Wednesday 30 October 2013

The legenday Joe King passes away at the age of 90

In his last email to me just two weeks before he died, Joe King signed off as “the ageless one.”

Joe King

King, a well known  Jewish journalist, author, communications guru, fundraiser and former member of the Canadian Royal Air Force, passed away suddenly on October 26 at the age of 90. He was a tireless worker until his last breath, each day refusing to accept the word “retirement” and undertaking one different project after another. I must say, even at 90 Joe left us way too soon.

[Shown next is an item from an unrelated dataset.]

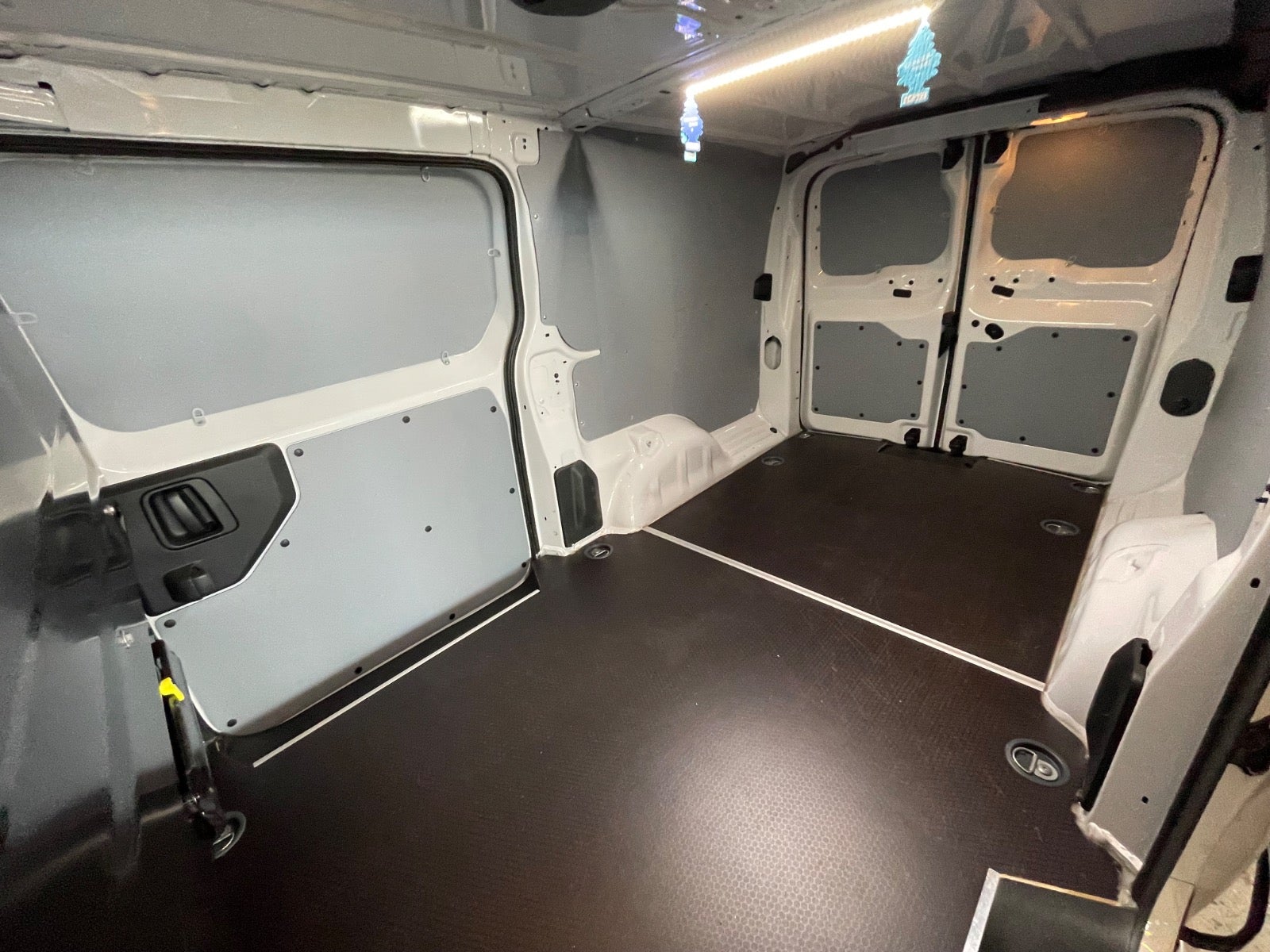 Opel Vivaro D 145 Enjoy+ L3V2 aut.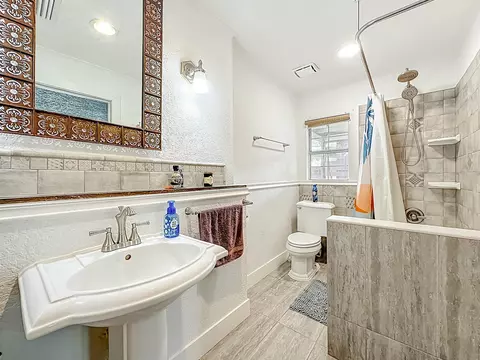Bath - 18 Solano Ave, Saint Augustine, FL 32080 photo 2 of 3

A native of Toronto, King’s professional career took him to the four corners of the world, but particularly to the Middle East (19 visits in war and peace). His major publications included a trilogy on Montreal Jewish history (From the Ghetto to the Main,   Baron Byng to Bagels and  Fabled City), The Jewish Contribution to the Modern World  and  The Case for Israel as a handbook and DVD.  

King may have been best known for the decades he spent as the communications director for the local Jewish Federation of Community Service. Then known as Allied Jewish Community Services, King reportedly retired in 1988. He subsequently resurfaced as a communications advisor for several organizations and then assumed the role of executive director of the Canadian Friends of Tel Aviv University.  He remained at that post until about 15 years ago, moving on to dedicate himself to writing books and giving lectures. King was a familiar site around town, walking the streets with his small brief case. His press releases went out fast and furiously, usually written at 4 a.m.

The Jewish Public Library’s archivist-emeritus, Eiran Harris, once wrote that “every Jewish community should have a Joe King book written about it.”

Dubbed  the “Historian of Jewish Montreal,”   King poured 40 years of research into his book book From the Ghetto to the Main.  In 30 chapters, his research has turned up sensational findings on the Canadians who schemed to prevent Jews from escaping Hitler’s Europe while assisting war criminals to enter Canada. In one instance, he found that, when the French government sent a warship to bring a convicted (in absentia) killer of Jewish children back to justice, he was tipped off by a Canadian prime minister and fled.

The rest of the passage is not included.